Many articles discuss the topic of etiquette for the use of
electronics during
meetings. Advocates for the use of laptops during meetings say that the
laptop or
BlackBerry keeps the meeting rolling because no one needs to interrupt
the meeting to take a call
or relay messages to the outer world, such as sending a message saying
something like
"still in meeting will be late." Some articles detail
appropriate rules for business text
messages. Under these rules, it is okay to text something like "let
me know when you have
a minute" to your colleague down the hall. The justification is
that sending this kind
of text message saves time. The sender does not have to phone or, perish
the notion,
walk down the hallway to alert the recipient of the need to communicate.
The recipient is
not interrupted. It is efficient.
My first job as a lawyer was with a firm with a long history. I
was assigned
the thankless job of cleaning out the oldest of the files, some dating
back to the very
early 1900s. Some of the material in the oldest files was initially
confusing. There were
handwritten notes in elegant script containing messages saying things
like "I stopped in
to see you today to bring you the `Jones' will for copying and found
that you were out
of the office. I have left the will here, please return the original to
me when you
are finished."
Why didn't the writer call first? Why didn't the writer have his
assistant copy
the document while he was there? Or, just mail a copy of the will? It
was amazing to
realize that there was no telephone, and that copying meant that someone
would handwrite or
typewrite from the original to create the copy.

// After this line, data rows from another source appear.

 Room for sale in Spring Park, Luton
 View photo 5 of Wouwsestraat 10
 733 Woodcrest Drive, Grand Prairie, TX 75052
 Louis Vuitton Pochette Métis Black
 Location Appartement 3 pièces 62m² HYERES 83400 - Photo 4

I'm pretty sure that someone believed that routine use of the
telephone would
isolate lawyers from each other. They likely marveled at the convenience
and regretted the
lost opportunity for collegial contact. Lawyers may have worried about
the frequent
interruptions the telephone would cause. Maybe the bar journals of the
era even discussed
etiquette for telephoning.
No one to my knowledge has found a reason to resent the copying
machine, but it
is time to cut down on the use of the copying machine by the State Bar
of Wisconsin. If
the Executive Committee trial is successful, I will ask that the
materials for the Board
of Governors meetings also be delivered electronically. Each governor
receives several
hundred pages of materials for each Board of Governors meeting. It will
take
perseverance for all the governors to prepare for meetings online and
use them at meetings
without distraction.
The savings in copying, shipping, carrying, and storing the
materials will be
well worth it. The Bar will be greener. The times have changed again.